3. no matter how often alice shrank, grew, snagged herself on things, changed outfits, and beheaded stuff, her hair just kept looking better and better.
4. questions about ravens and writing desks DO make for a bittersweet goodbye.
5. girls can do anything they want to! i mean, my head can hardly believe it, but my heart knew it all along. even in edwardian england, you know, girls can be arrested and scorned and starve themselves for the right to vote...or they can become merchant marine apprentices, and go all the way to china. wearing cute, butch baby blue coats. yeah, alice, as she was portrayed at the end of this movie, definitely went on to make passionate, sapphic love to a series of women, much like that tom-lady in tipping the velvet.
6. i liked it.

i liked the pacing, for one thing--it didn't go too slow, and it wasn't overly irritating. i liked the plot--i feel like it mixed up a few too many things, but at least there was a plot. i liked the acting, mostly, and the cgi animals were really fun. i even liked the parts that they borrowed from lord of the rings, because said borrowings seemed appropriate, and possibly cut down on at least some of the cgi budget. i liked all of it, in fact, except when they were talking at each other, because the serious dialogue was a little bit unendurable. i mean, lewis carroll was a master of nonsense, but even he couldn't have anticipated the way that "serious" dialogue in films such as this--films that don't actually have time for such things as serious dialogue--would go.
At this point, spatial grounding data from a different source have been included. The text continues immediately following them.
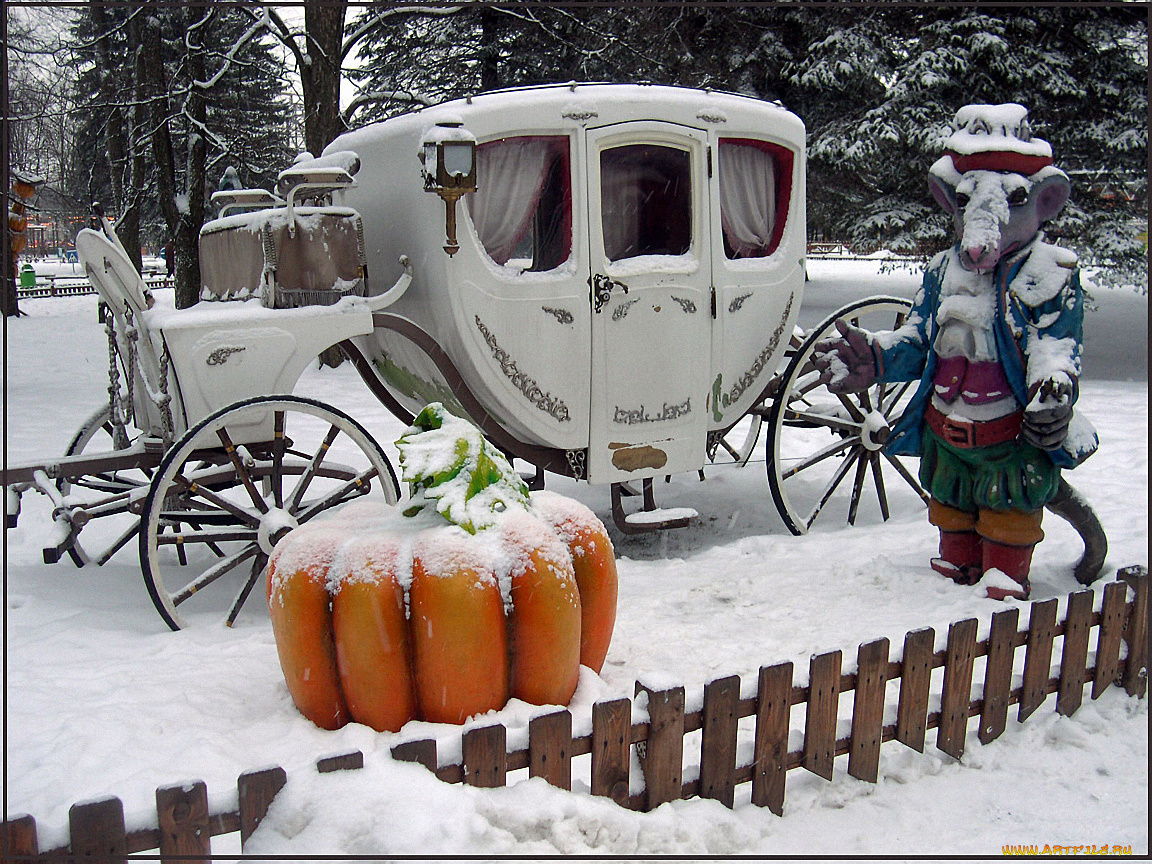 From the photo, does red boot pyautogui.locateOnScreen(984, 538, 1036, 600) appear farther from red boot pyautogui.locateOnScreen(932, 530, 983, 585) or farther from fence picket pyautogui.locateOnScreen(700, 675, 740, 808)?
fence picket pyautogui.locateOnScreen(700, 675, 740, 808)

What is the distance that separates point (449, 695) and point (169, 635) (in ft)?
5.06

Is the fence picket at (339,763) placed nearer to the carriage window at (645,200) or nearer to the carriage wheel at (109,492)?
the carriage wheel at (109,492)

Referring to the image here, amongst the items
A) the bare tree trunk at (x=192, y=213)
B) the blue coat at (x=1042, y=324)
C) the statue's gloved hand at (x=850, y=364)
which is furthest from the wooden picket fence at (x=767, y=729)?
the bare tree trunk at (x=192, y=213)

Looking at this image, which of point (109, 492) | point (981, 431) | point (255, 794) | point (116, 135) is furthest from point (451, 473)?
point (116, 135)

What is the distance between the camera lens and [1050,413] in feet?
11.7

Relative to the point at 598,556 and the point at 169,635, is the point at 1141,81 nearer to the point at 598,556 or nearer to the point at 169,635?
the point at 598,556

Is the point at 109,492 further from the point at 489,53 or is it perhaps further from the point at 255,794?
the point at 489,53

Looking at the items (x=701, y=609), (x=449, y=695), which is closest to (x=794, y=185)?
(x=701, y=609)

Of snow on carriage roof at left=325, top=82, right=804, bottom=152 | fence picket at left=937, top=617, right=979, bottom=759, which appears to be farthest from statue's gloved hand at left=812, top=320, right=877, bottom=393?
fence picket at left=937, top=617, right=979, bottom=759

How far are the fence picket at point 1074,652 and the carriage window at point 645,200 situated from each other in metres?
2.65

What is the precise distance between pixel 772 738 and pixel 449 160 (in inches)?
105

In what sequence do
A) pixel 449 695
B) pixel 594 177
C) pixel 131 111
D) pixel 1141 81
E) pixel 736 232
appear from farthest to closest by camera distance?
pixel 131 111
pixel 1141 81
pixel 736 232
pixel 594 177
pixel 449 695

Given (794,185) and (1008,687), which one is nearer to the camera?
(1008,687)

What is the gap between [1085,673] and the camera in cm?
321
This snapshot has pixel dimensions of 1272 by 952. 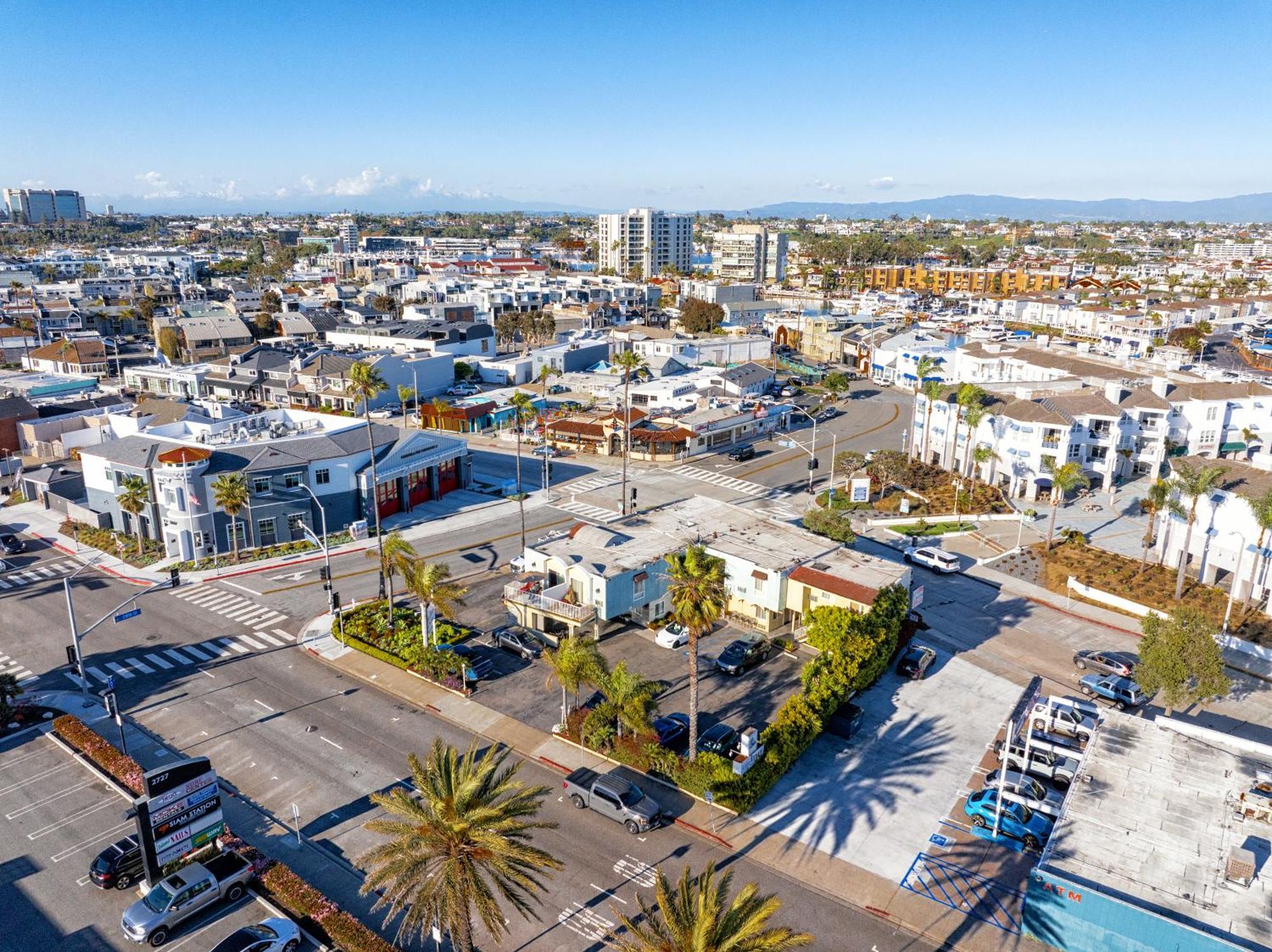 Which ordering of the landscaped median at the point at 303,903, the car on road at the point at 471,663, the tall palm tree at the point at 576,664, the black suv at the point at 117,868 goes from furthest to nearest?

and really, tim burton? you're really going to turn the mad hatter into a quasi-heroic love interest? next time just cast johnny depp as the doormouse. or maybe the red queen. either of those characters would have made just as appropriate romantic leads as the mad hatter, plus johnny depp playing either of them would have been impressively quixotic as opposed to overly tim burtonesque: it's time to let edward scissorhands go, man! i mean, when david bowie and jennifer connelly rode that romantical yet oh so creepy fantastically-costumed older man/teen girl wave, that tension was basically the only thing that made labyrinth interesting (aside from the puppets). i'd say the opposite is kind of the case with alice in wonderland. not that both alice and johnny didn't play their parts well, just that, i mean, give them a fighting chance.

ah, it feels good to snark again. speaking of lewis carroll references. go ahead and start hunting it, for i have unleashed the snark. i really did enjoy the movie. if you're going to see stuff that's currently in 3-d, why not not make it ferngully? that is, avatar. sorry. (snark--away!)

i also really liked the fashions, but not as much as i bet hot topic's going to when they start selling alice spin-off dresses.